The Classics: Lead Actor
Humphrey Bogart "In a Lonely Place"
Bogart would finally win his Oscar for 1951's "The African Queen," but he deserves a Classic for his brave, disturbing turn in this 1950 film noir directed by Nicholas Ray. He plays a screenwriter with a hair-trigger temper who is accused of murdering a young woman.
Laurence Olivier "Carrie"
Olivier, who made 1939's "Wuthering Heights" with William Wyler, reunited with the director for this dour, little-known 1952 drama based on Theodore Dreiser's novel "Sister Carrie." Olivier gives a revelatory performance as a married manager of a Chicago restaurant who loses everything when he falls in love with a young woman (Jennifer Jones). Olivier, who won his only lead actor Oscar for 1948's "Hamlet," doesn't need dialogue his finest moments are just close-ups of his face.

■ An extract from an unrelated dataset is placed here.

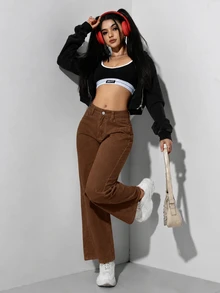 SHEIN PETITE 休閒水洗直筒牛仔褲 - 咖啡棕 - 查看 6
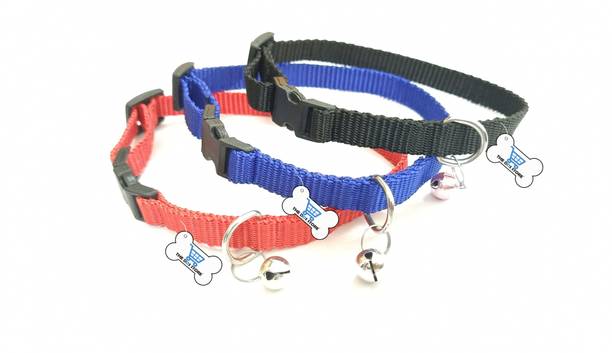 THE DDS STORE 3.Pcs Dog & Cat 10mm Cute Nylon Adjustable Collar with Bell for Small Medium Dog Plain Dog & Cat Collar Charm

Kirk Douglas "Ace in the Hole"
Nobody could play the callous, ambitious jerk like Douglas. In Billy Wilder's cynical 1951 drama, Douglas gives his greatest performance as a disgraced big-city reporter working for a small newspaper in Albuquerque. Douglas has been nominated for three Academy Awards, but not for this dark drama.
The Classics: Lead Actress
Judy Garland "A Star Is Born"
In 1955, everyone thought the lead actress Oscar was Garland's, but the award went to Grace Kelly for "The Country Girl." The lavish "Star" produced by Garland's then-husband, Sid Luft, and directed by George Cukor was her comeback role. Garland doesn't give a false note in this Hollywood tale of love and loss.
Bette Davis "The Letter"
Davis earned 10 nominations and won two Academy Awards. But she was never better than in her wickedly delicious Oscar-nominated turn in William Wyler's 1940 version of the Somerset Maugham melodrama. She plays the bored, manipulative wife of a milquetoast rubber plantation administrator (Herbert Marshall).
Barbara Stanwyck "Double Indemnity"
Stanwyck earned four Oscar nominations, including one for Wilder's crackling 1944 adaptation of the James M. Cain novel. Though the Oscar eluded her, Stanwyck receives the Classic as the ultimate femme fatale who proves to be the downfall of a weak-willed insurance salesman (Fred MacMurray, also never better).